Komm mit uns, verschwende deine Zeit
Seit 25 Jahren schreibe ich für diese Zeitung. Ich wollte, das ließe mich ungerührt. Aber die Erinnerungen kommen mächtig.
Zur Sicherheit vorweg: Es könnte jetzt ein bisserl rührselig werden. Ob ich schnell Zeit für den Herausgeber hätte, wurde ich gefragt, bloß ein paar Minuten. Und dann ging’s um 25 Jahre. So lange schreibe ich für diese Zeitung, und hätte mich keiner erinnert, ich hätt’s vergessen. Und als ich weiterschreiben wollte nach dem Gespräch, kam auch noch der Campino, der ist Sänger bei den Toten Hosen und als solcher Begleiter seit . . . shit, seit 35 Jahren. Jetzt haben die ein neues Album. Und Campino gibt dazu den SN ein Interview. Zwei, drei Mal habe ich das schon gemacht. Soll wer anderer machen, denke ich. Über die Hosen schrieb ich oft. Wahrscheinlich habe ich nur über Dylan öfter geschrieben, weil der ist noch länger da als die Hosen. Mit Campino und einer Handvoll alter Songs, die Tage wie diese zur Party früherer Emotionen machen, wurde die Frage übermächtig nach der Zeit und was mit ihr passiert ist – und was mit uns in ihr passiert. Eh nichts. Eher ist es das Gefühl für Zeiträume, das sich änderte. Diese gefühlte Zeit ist ein schlimmer Betrüger. Das erste größere Interview. Der erste Leitartikel. Das erste Mal bei so vielen Sachen. Bilder von einst kommen ungefragt daher. Und ich wäre gern cooler, abgeklärter. Aber wenn ich erinnert werde, beginnt die innere Zeitmaschine zu dampfen.
Da taucht dann aus Urzeiten des Lebens auch noch ein Hosen-Song auf: „Komm mit uns, verschwende deine Zeit“. Unmöglich. Oder? Verschwendung verkommt im Lauf des Lebens zum Schimpfwort. Es steht auch auf der Liste der geächteten Wörter in einer Epoche der Effizienz.

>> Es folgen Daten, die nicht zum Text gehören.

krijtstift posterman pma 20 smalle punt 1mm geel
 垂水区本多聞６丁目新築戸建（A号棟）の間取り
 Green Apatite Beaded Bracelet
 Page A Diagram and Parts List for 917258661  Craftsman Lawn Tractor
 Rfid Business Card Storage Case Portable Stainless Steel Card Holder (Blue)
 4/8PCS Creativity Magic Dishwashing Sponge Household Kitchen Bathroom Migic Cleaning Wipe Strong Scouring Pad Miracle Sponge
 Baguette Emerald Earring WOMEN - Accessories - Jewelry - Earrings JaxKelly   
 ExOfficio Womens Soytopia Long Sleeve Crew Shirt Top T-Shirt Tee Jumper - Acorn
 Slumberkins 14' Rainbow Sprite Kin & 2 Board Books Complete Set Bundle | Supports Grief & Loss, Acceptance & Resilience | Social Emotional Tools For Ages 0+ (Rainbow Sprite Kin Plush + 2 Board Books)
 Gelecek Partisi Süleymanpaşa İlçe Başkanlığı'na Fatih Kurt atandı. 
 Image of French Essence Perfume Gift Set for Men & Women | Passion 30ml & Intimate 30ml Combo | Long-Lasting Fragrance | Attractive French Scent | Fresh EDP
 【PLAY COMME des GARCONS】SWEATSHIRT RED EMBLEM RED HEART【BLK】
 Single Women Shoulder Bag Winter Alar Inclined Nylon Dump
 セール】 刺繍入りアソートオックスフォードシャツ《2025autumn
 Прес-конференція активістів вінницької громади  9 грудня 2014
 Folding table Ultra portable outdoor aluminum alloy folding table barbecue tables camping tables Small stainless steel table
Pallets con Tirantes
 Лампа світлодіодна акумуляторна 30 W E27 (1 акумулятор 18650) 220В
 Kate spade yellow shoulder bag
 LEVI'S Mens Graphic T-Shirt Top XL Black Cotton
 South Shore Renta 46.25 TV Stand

Alles wird getaktet. Alles braucht eine Timeline. Erinnerungen lassen sich so aber nicht fesseln. Sie haben ein Eigenleben, spüren sich je nach Lage immer neu an, egal wie alt sie sind. „Komm mit uns, verschwende deine Zeit“, singt Campino. Das ist kein herausragender Song. Simpel, aber durchschlagskräftig, wie sich das für Punkrock gehört, wie sich das Leben eben genau in diesem einen Moment anfühlt. Gestern und Morgen verschwinden. Dazwischen liegt keine Wahr- heit, aber dieses Dazwischen bleibt doch die einzige Möglichkeit, das Schöne, Aufregende, das Tiefgefühlte zu erleben. Vorher ist schon vorbei. Und von später haben wir keine Ahnung. Nur ein Moment. Nur ein Augenblick. Und immer, immer das erste Mal. Kinder haben’s da gut. Die können das. Die spüren Dauer und Länge und Intensität im Ganzen, wo die Großen nur mehr in Bruchteilen rechnen.
Ich hörte einmal von Studien über die Motivation, warum Menschen reisen oder Urlaub machen. Da geht’s unter anderem darum, sich in unbekannte Situationen zu wagen. Das nämlich verlängert einem die Freude. Oder anders: Gefühlt erlebt man solche Situationen länger und intensiver als das Gewohnte, das Bekannte. Immer das erste Mal. Das wär’s. Und sich dann immer voller Überzeugung verschwenderisch in dieses erste Mal stürzen, bevor die Erinnerung die Macht übernimmt und ein Vierteljahrhundert einem vorkommt wie ein Tag.